The business landscape of New York is constantly changing–which makes it especially sad to see those with the longest histories number among the casualties. Smith’s Bar is the latest, according to Vanishing New York, after a 60 year run in its location on 8th Avenue and 44th Street.
Smith’s will close this Thursday due to issues with its lease. The dive bar, which opened in 1954, has mostly maintained its unique charm, even after new owners bought the place “somewhere around 2009.” Their website now directs to their affiliate, Social Bar.
The New York Times wrote in a 2005 profile of the business: “That a place like Smith’s still exists in Midtown is a testament to the bipolar nature of New Yorkers, who are obsessed with the new and trendy and yet fiercely protective of old haunts and habits.”
Smith’s follows other New York staples which recently closed. As the Observer previously reported, the Subway Inn, an Upper East Side beacon, battled for survival after their building came under new ownership. The Times wrote back in September of the closing of Milady’s in SoHo, Jackie’s 5th Amendment in Park Slope and the Ding Dong Lounge on the Upper West Side.
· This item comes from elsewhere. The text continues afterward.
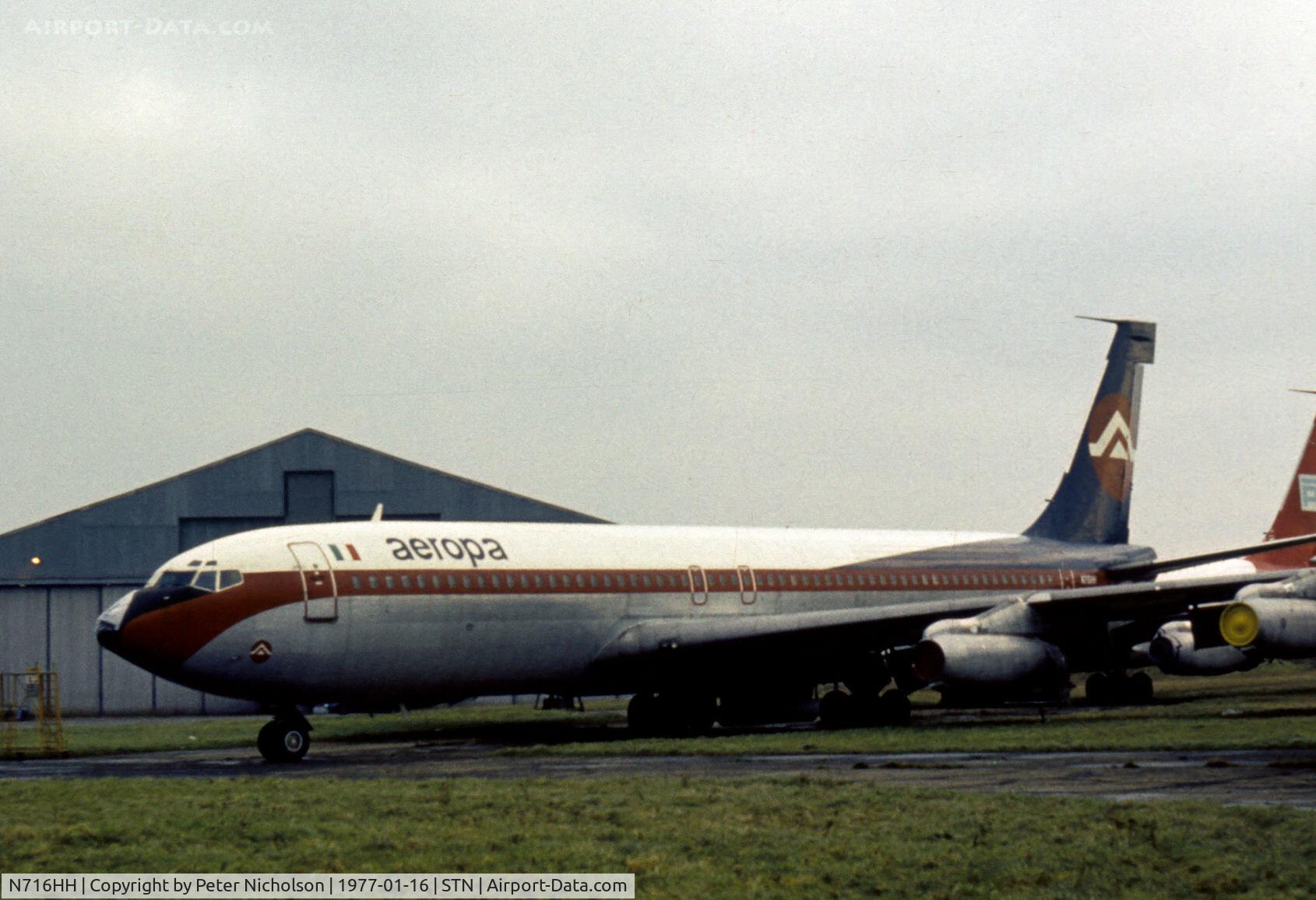 N716HH, 1959 Boeing 707-321 C/N 17594, Boeing 707-321 of Aeropa as seen at Stansted in January 1977 before being scrapped there.
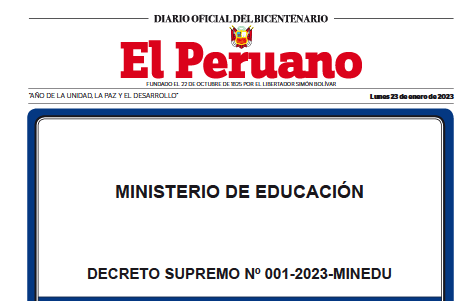 Read more about the article DECRETO SUPREMO Nº 001-2023-MINEDU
They called the onslaught of closings “a familiar sight.” Now with Smith’s shuttering, another one bites the dust.
Many fans of the bar took to the comments of the Vanishing New York blog to eulogize the venue. Other New Yorkers, in remembrance of all the businesses which come and go in the city, lamented in their own way.
Hedy Pagremanski, profiled by The Times, is remembering the city through her paintings. She stakes out a spot near old buildings set to be demolished and captures them while they’re still alive. To date, she’s painted more than 80 buildings.
“I once went to the Landmark Commission and said, ‘What buildings are coming down?’ And they said they never know until the wrecking ball hits. And that was about twenty years ago.”
The news of Smith’s closure came pretty suddenly as well.